EXERCISE:
Type out each entry exactly as it appears, but keep every image out.

MATERIAL SUPPLIED:
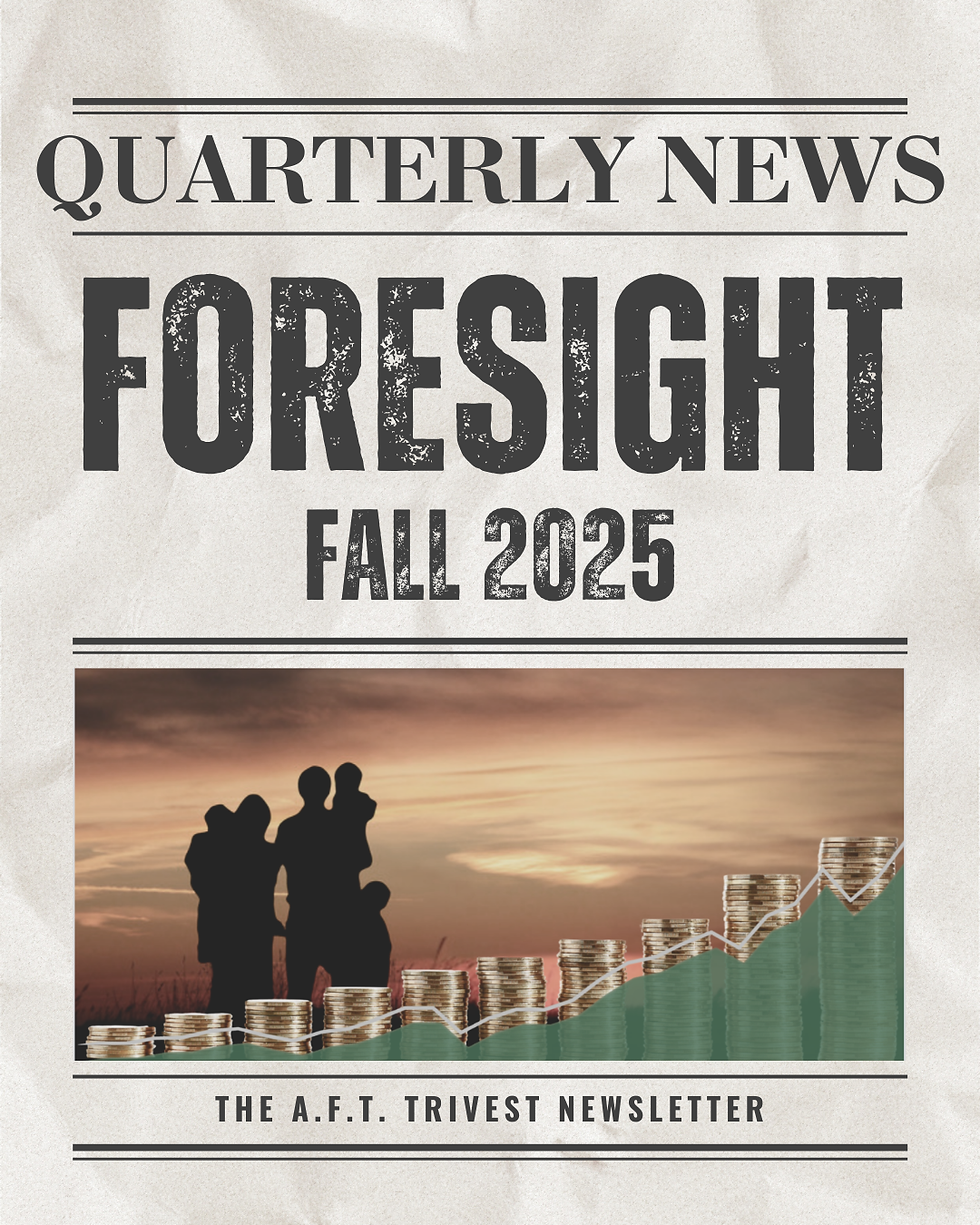 Foresight - Fall 2025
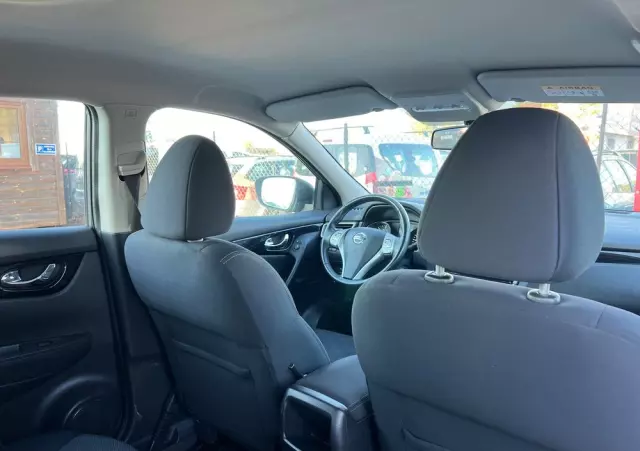 NISSAN Qashqai 1.5 dCi Visia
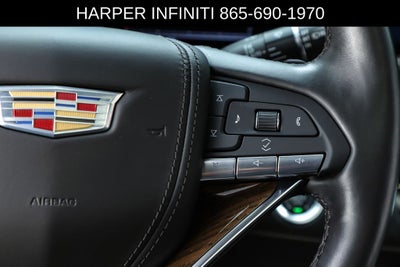 2023 Cadillac Escalade Sport Platinum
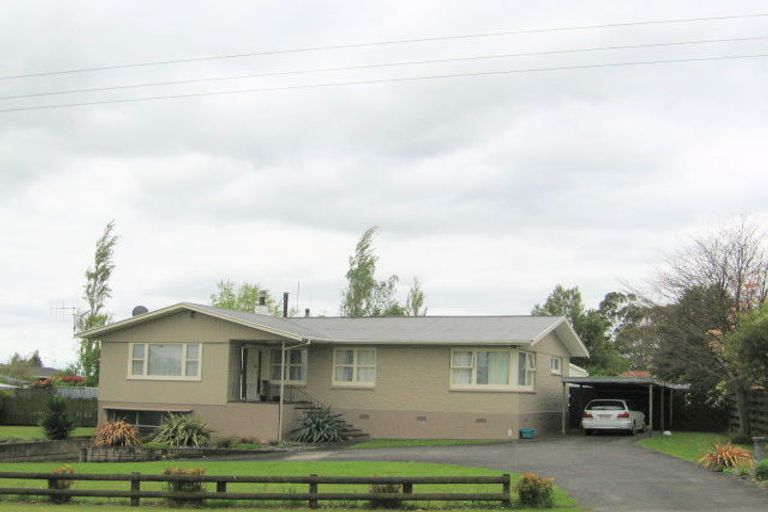 Photo of property in 4 Tui Road, Te Aroha, 3320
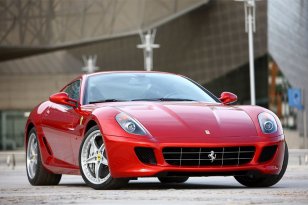 Ferrari F599 GTB 2006 - 2012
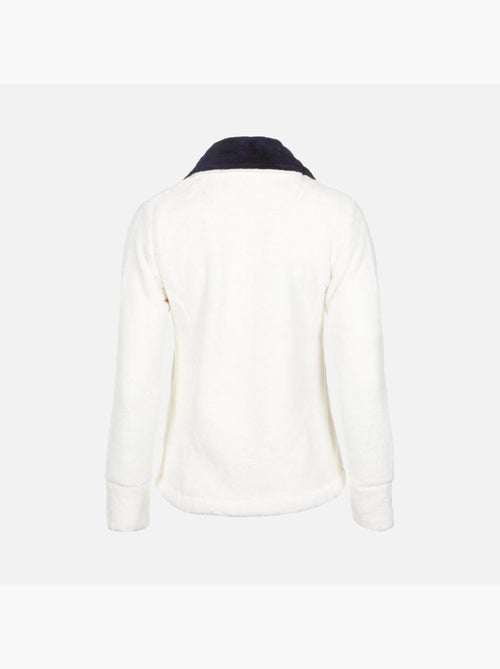 Blouson polaire   ALTINA - PEAK MOUNTAIN - Kiabi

ANSWER BOX:
 Foresight - Fall 2025
 NISSAN Qashqai 1.5 dCi Visia
 2023 Cadillac Escalade Sport Platinum
 Photo of property in 4 Tui Road, Te Aroha, 3320
 Ferrari F599 GTB 2006 - 2012
 Blouson polaire   ALTINA - PEAK MOUNTAIN - Kiabi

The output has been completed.